PROBLEM DESCRIPTION: Every entry should be returned unchanged, with the pictures omitted.

(Scraped caption text data)

▬▬▬▬▬▬▬▬▬▬

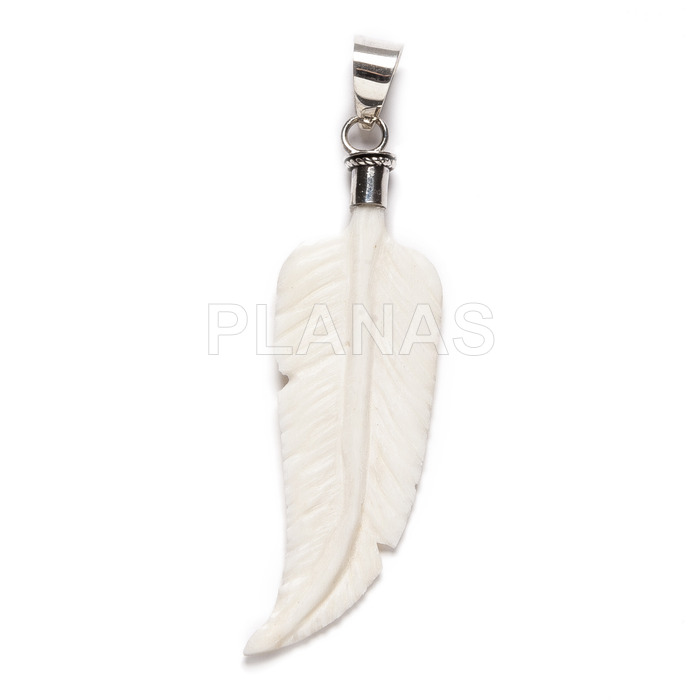Pendant in sterling silver and bone. feather.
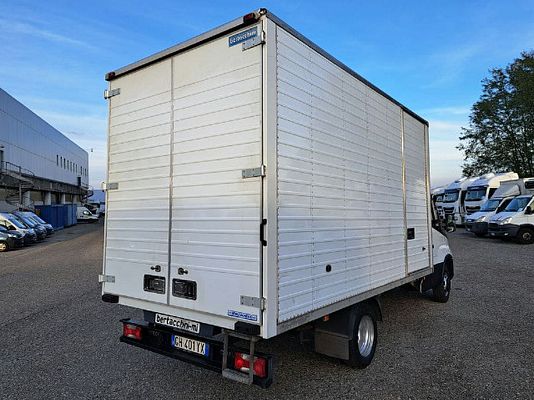 Vehicle image 5 / 14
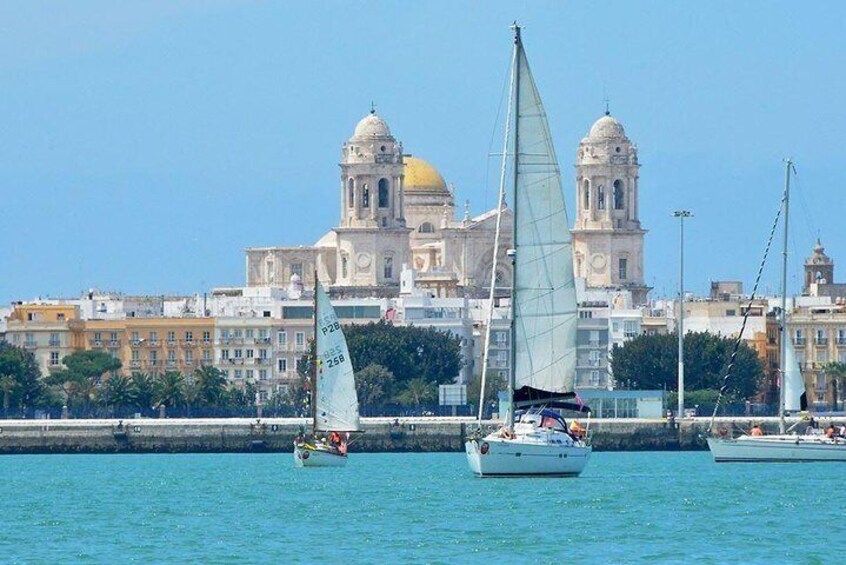 3-Hour Private Gastronomic and Cultural Cadiz Walking Tour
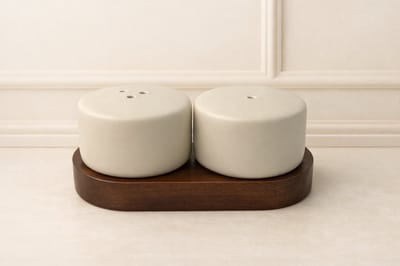 Mevaz Luxe Zout & Peper Set – Keramische Strooiers met Houten Houder – Crème Beige – Japandi Design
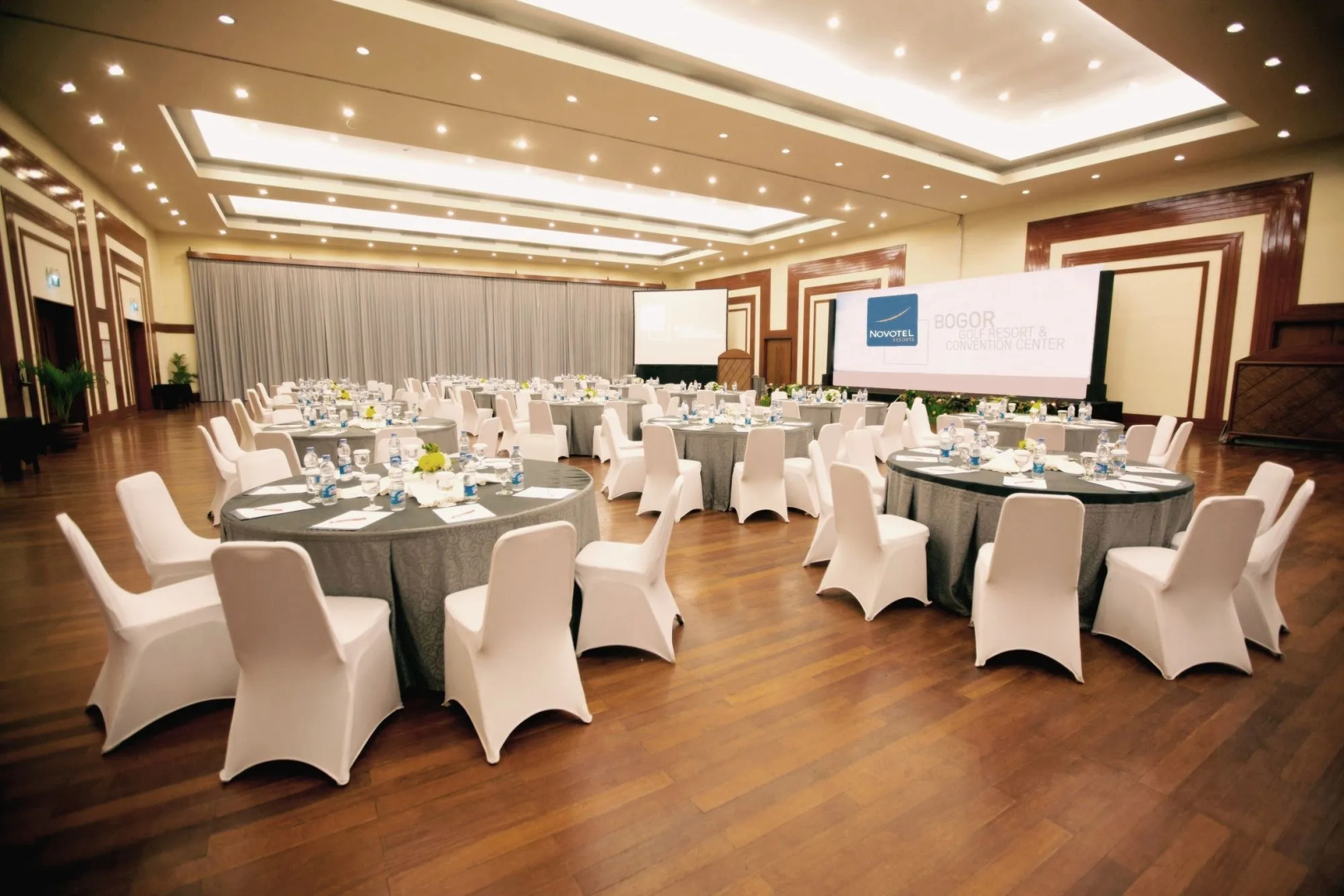 Novotel Bogor Golf Resort & Convention Center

▬▬▬▬▬▬▬▬▬▬

ANSWER AREA:
Pendant in sterling silver and bone. feather.
 Vehicle image 5 / 14
 3-Hour Private Gastronomic and Cultural Cadiz Walking Tour
 Mevaz Luxe Zout & Peper Set – Keramische Strooiers met Houten Houder – Crème Beige – Japandi Design
 Novotel Bogor Golf Resort & Convention Center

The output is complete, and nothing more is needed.